Additionally, the Corporation acknowledges that its general severance pay plans
do not provide for mitigation, offset or reduction of any severance payment
received thereunder. Accordingly, the Corporation further acknowledges that the
payment of severance benefits by the Corporation under this Agreement is
reasonable and will be liquidated damages, and the Executive shall not be
required to mitigate the amount of any payment provided for in this Agreement by
seeking other employment or otherwise, nor will any profits, income, earnings or
other benefits from any source whatsoever create any mitigation, offset,
reduction or any other obligation on the part of the Executive hereunder or
otherwise.
3. TERMINATION FOR WHICH NO SEVERANCE BENEFITS ARE PAYABLE
(a) No Severance for Termination for Cause. The Bank may terminate the
Executive's employment at any time. Anything in this Agreement to the contrary
notwithstanding, under no circumstance shall the Executive be entitled to
severance benefits if his employment terminates for Cause.

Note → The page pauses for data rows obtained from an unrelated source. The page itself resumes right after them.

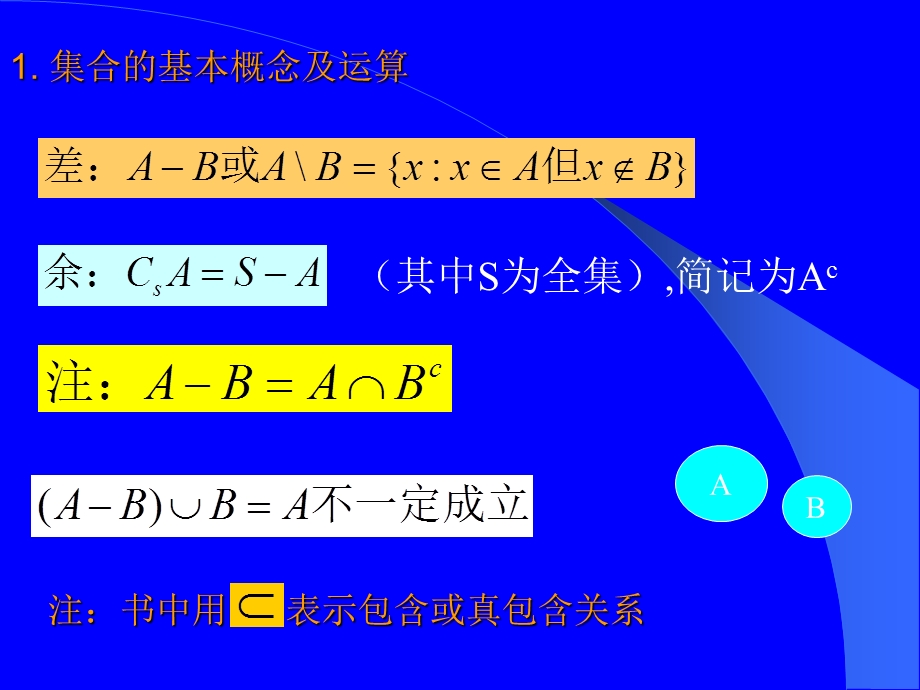 实变函数(全)总结ppt课件.ppt_第2页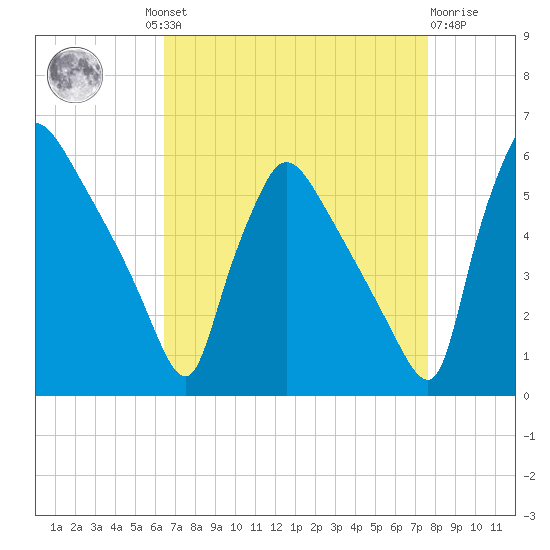 Bridgeport tide chart for Wednesday, August 30, 2023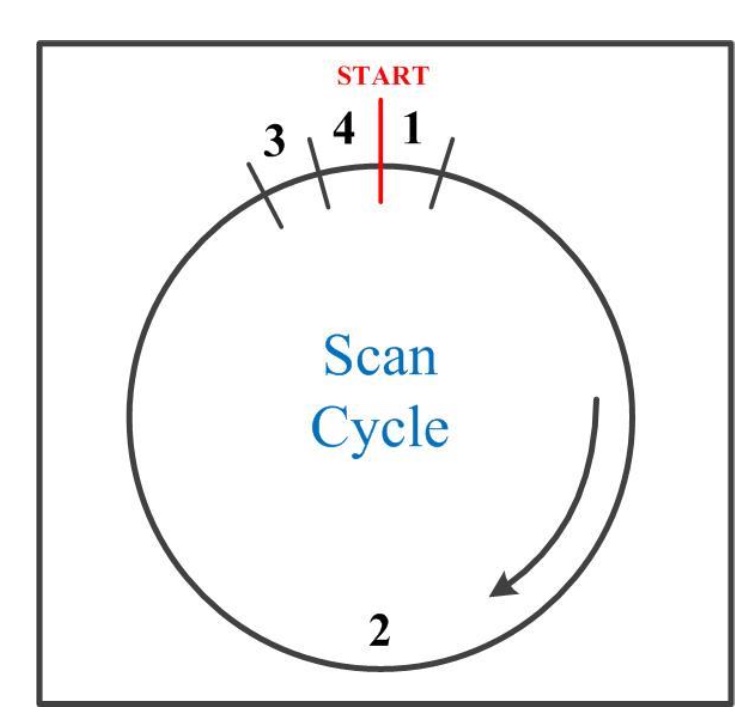 Figure 7: A PLC scan cycle reads the physical inputs, scans the logic sequentially, writes the resulting output image table and checks the system for faults and other housekeeping tasks. Courtesy: Automation LLC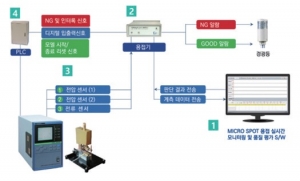 배터리용접용 마이크로스폿 용접 모니터링 시스템 ; 모니텍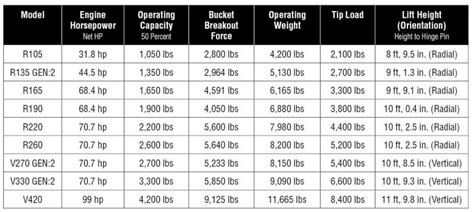 2021 gehl skid steer|gehl track loader specs.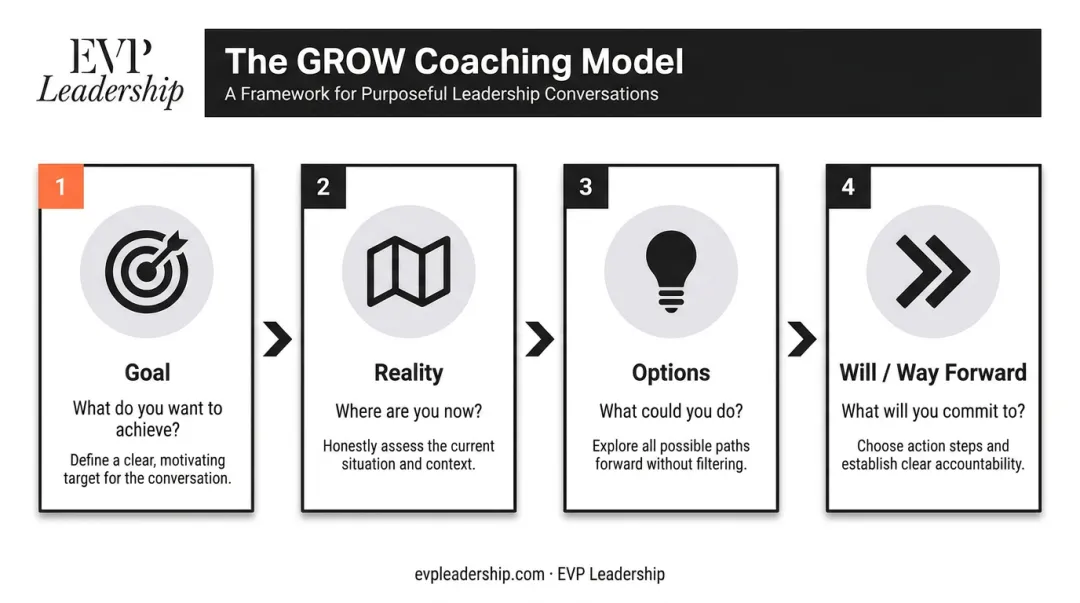 GROW coaching model four-stage process flow for executive goal setting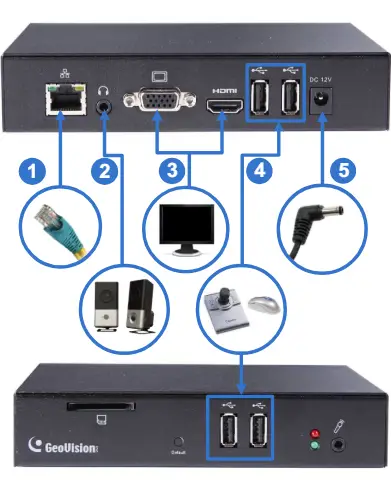 GeoVision-GV-Pad-Mini-Display-116-Decoder-Box- (11)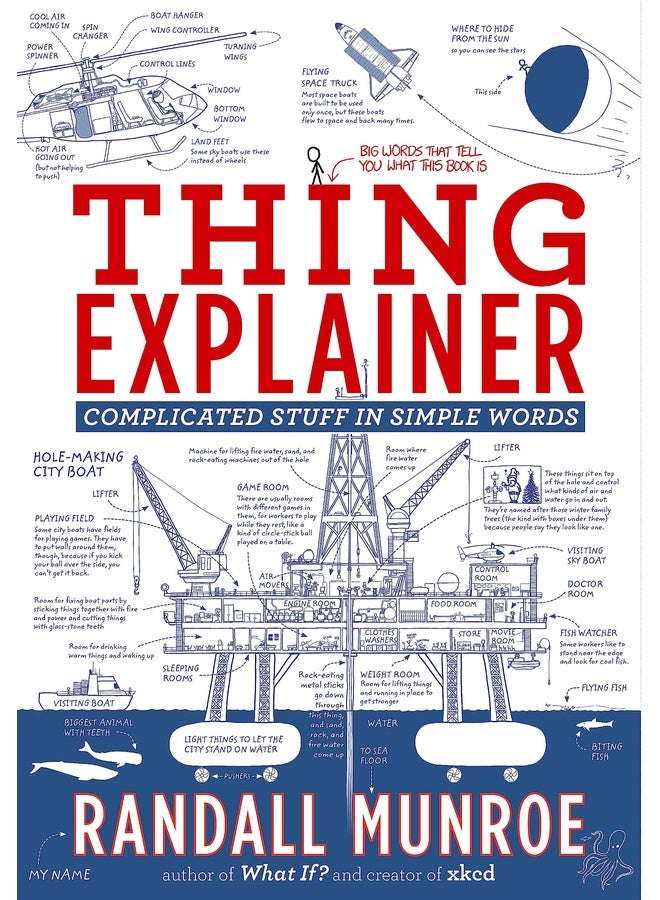 مُفسر الأشياء: أشياء معقدة بكلمات بسيطة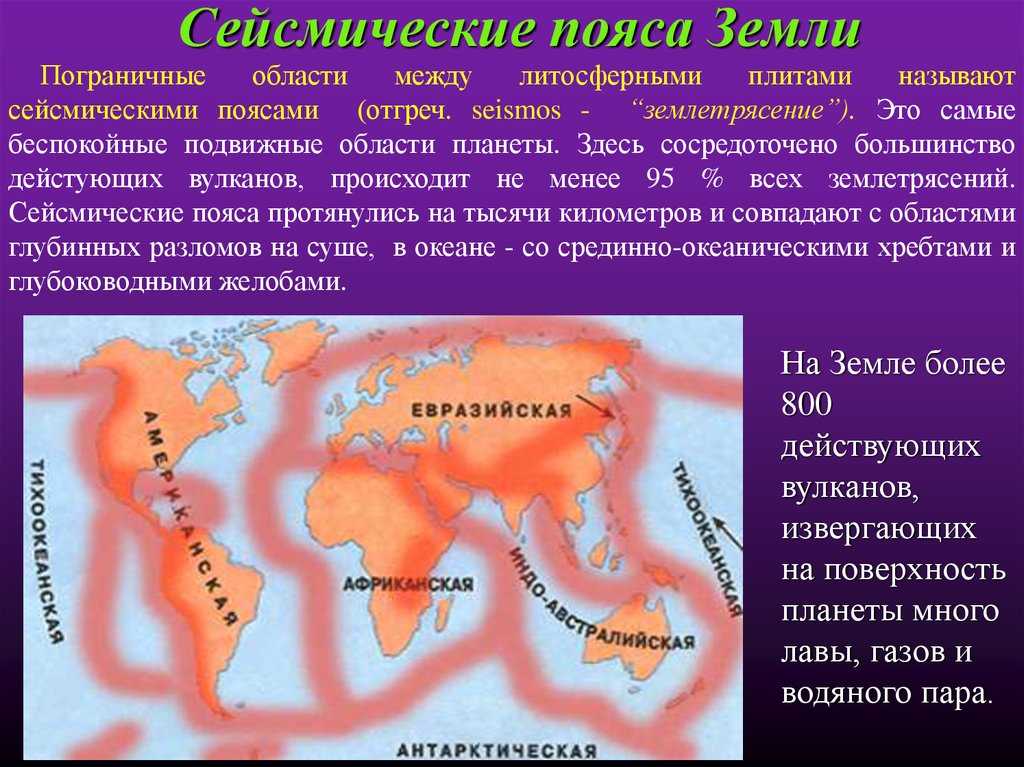 Складчатые пояса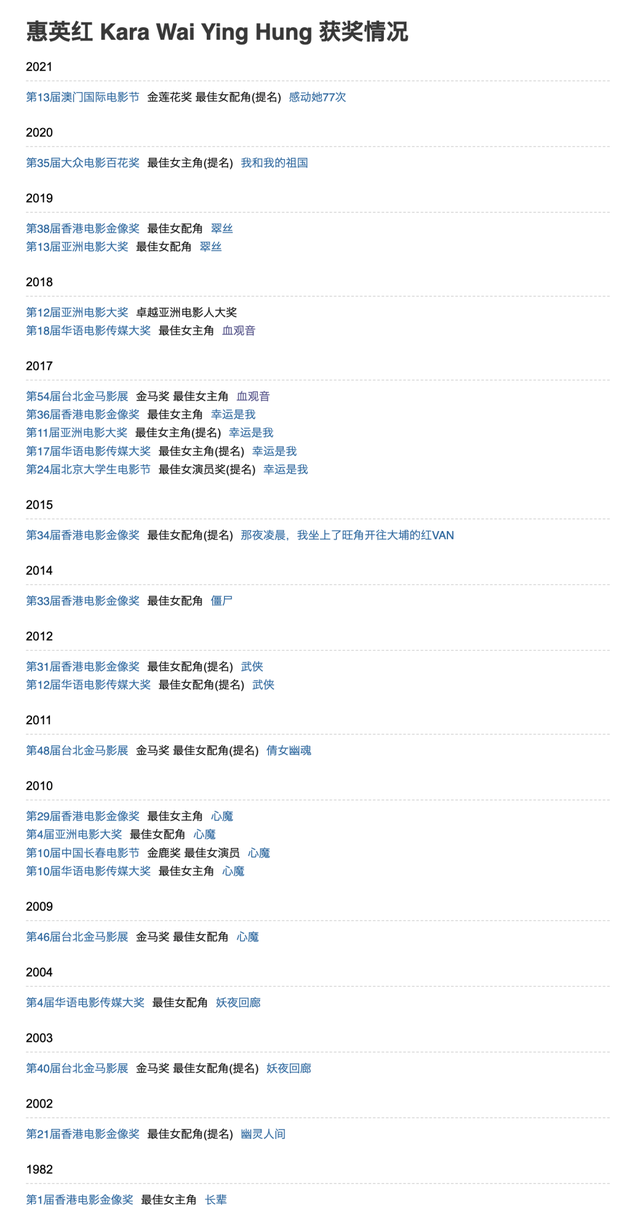 香港知名女星曾曝轻生！3岁乞讨、12岁进夜总会、22岁拿金像奖：她怎么沦落成这样了？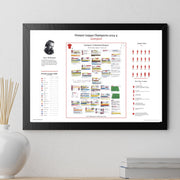 FOOTBALL Liverpool v Tottenham Hotspur Premier League Anfield 27 April 2025. Conor McNamara Picture Frames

(1) "Cause" Means Commission of Any of the Following Acts: For
purposes of this Agreement, "Cause" means the Executive shall
have committed any of the following acts -
(a) Fraud, Embezzlement, Theft or Other Crime: an act of fraud,
embezzlement, or theft in connection with his duties or in
the course of his employment with the Corporation or a
Subsidiary, or commission of a felony or commission of a
misdemeanor involving moral turpitude, or
(b) Damage to Property: intentional wrongful damage to the
business or property of the Corporation or Subsidiary(ies),
which, in the Corporation's sole judgment, causes material
harm to the Corporation or Subsidiary(ies), or
(c) Negligence and Other Actions: gross negligence,
insubordination, disloyalty, or dishonesty in the
performance of his duties as an officer of the Corporation
or Subsidiary(ies), or
(d) Violation of Law or Policy: intentional violation of any law
or significant policy of the Corporation or Subsidiary(ies)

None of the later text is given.